Murid-murid angkatan pertamanya terdiri dari 20 orang, menggunakan ruangan
pendopo kabupaten Bandung.
Setahun kemudian, 1905,
sekolahnya menambah kelas, sehingga kemudian pindah ke Jalan Ciguriang, Kebon
Cau. Lokasi baru ini dibeli Dewi Sartika dengan uang tabungan pribadinya, serta
bantuan dana pribadi dari Bupati Bandung. Lulusan pertama keluar pada tahun
1909, bahasa sunda bisa lebih mememenuhi syarat kelengkapan sekolah formal.
Pada tahun-tahun berikutnya di
beberapa wilayah Pasundan bermunculan beberapa Sakolah Istri, terutama yang
dikelola oleh perempuan-perempuan Sunda yang memiliki cita-cita yang sama
dengan Dewi Sartika.

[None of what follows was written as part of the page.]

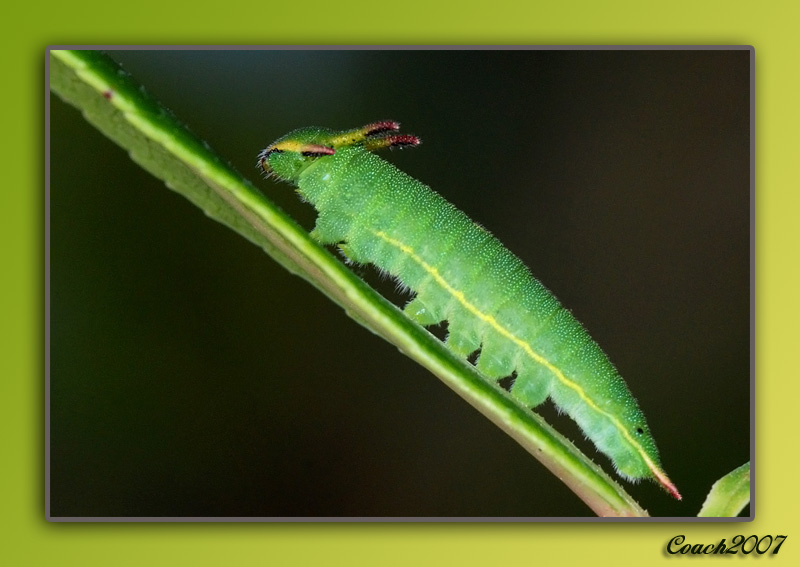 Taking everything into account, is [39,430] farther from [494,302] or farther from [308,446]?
[494,302]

Pada tahun 1912 sudah berdiri sembilan Sakolah Istri di
kota-kota kabupaten (setengah dari seluruh kota kabupaten se-Pasundan).
Memasuki usia ke-sepuluh, tahun 1914, nama sekolahnya diganti menjadi Sakolah
Kautamaan Istri (Sekolah Keutamaan Perempuan). Kota-kota kabupaten wilayah
Pasundan yang belum memiliki Sakolah Kautamaan Istri tinggal tiga/empat,
semangat ini menyeberang ke Bukittinggi, di mana Sakolah Kautamaan Istri
didirikan oleh Encik Rama Saleh. Seluruh wilayah Pasundan lengkap memiliki
Sakolah Kautamaan Istri di tiap kota kabupatennya pada tahun 1920, ditambah
beberapa yang berdiri di kota kewedanaan.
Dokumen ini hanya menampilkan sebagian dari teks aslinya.